Ideas

Remember the Red Sea

Columnist; Contributor

Why not capitalize on the richness and mystery of our ancient symbols?

Philip James de Loutherbourg

Worship looks forward. Together we pray, "Thy kingdom come." In the earliest recorded post-Communion prayer, first-century Jesus-followers prayed, "Gather [your church] from the four winds, sanctified for your kingdom which you have prepared for it …. Let grace come, and let this world pass away …. Maranatha"—"O Lord, come."

Worship must also look back. Since early days, Christians gathered for worship have been, as Justin Martyr described it, reading "the memoirs of the apostles or the writings of the prophets," and afterward listening to the presider "instruct and exhort to the imitation of these good things."

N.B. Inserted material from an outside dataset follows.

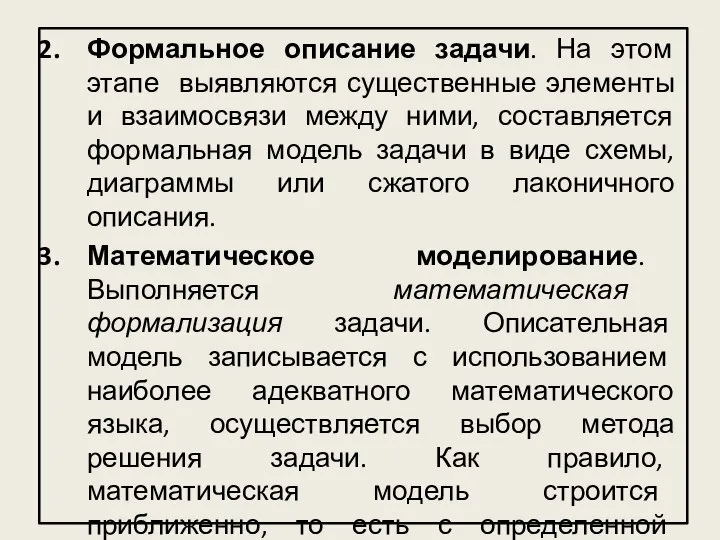 Формальное описание задачи. На этом этапе выявляются существенные элементы и взаимосвязи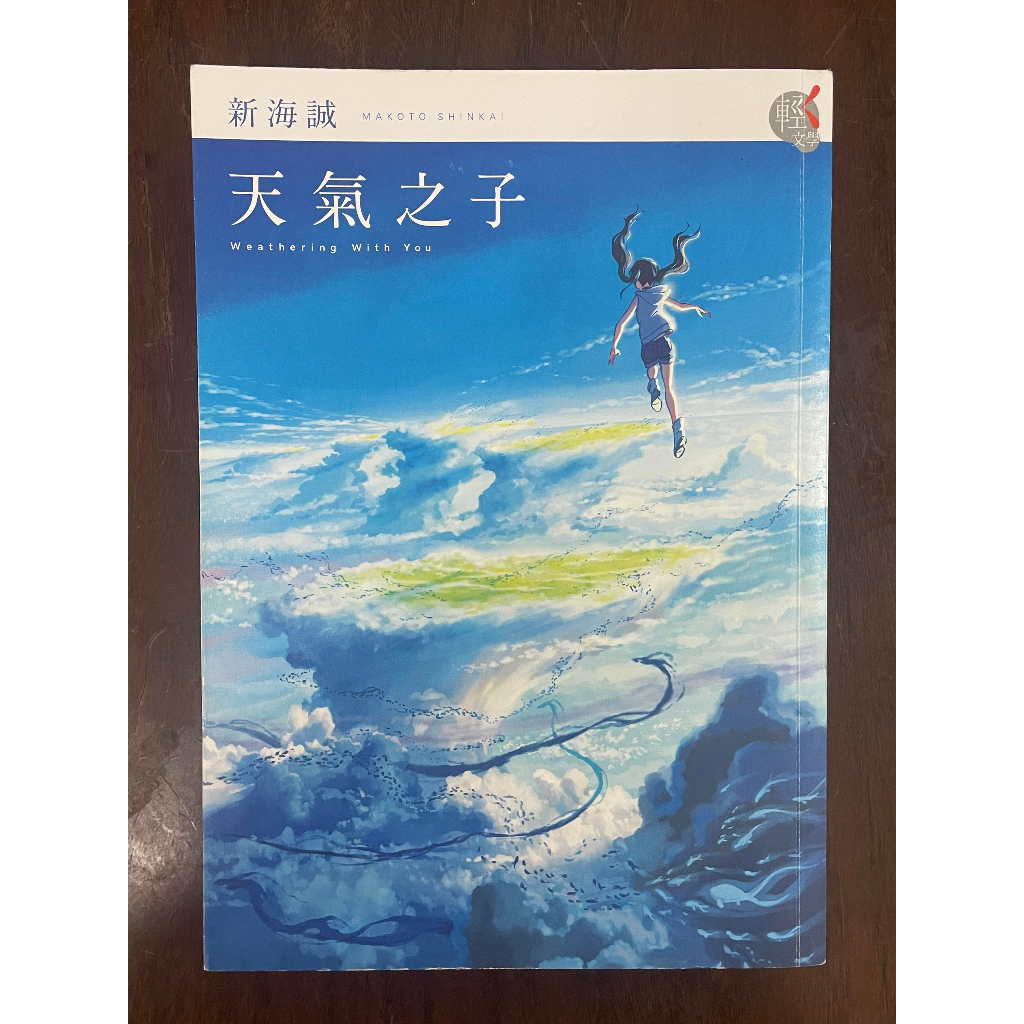 天氣之子: 原作小說，新海誠導演親自執筆 | 蝦皮購物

Christian self-understanding has from the beginning been illumined both by what Jesus' closest followers wrote and by the Hebrew Scriptures that foreshadowed Jesus' work.

It is one of my pet peeves that orchestras at major Independence Day celebrations play only the final few minutes of Tchaikovsky's 1812 Overture. I understand the need to keep the program moving, but without the rest of Tchaikovsky's music, the finale is "sound and fury, signifying nothing." It is only the climax.

The same is true of the Christian message. Without paying attention to what has gone before, the great final act may be thrilling, but incomprehensible. We are actors in a great drama, but we don't know how to play our roles unless we study the earlier acts the Playwright has written.

A recent news item disturbed me. The Church of England Synod voted to simplify its baptismal service to make it more understandable to the unchurched friends who attend baptisms. The Diocese of Liverpool clergyman who proposed the revisions complained that people just didn't understand references like this: "Through water you led the children of Israel from slavery in Egypt to freedom in the Promised Land."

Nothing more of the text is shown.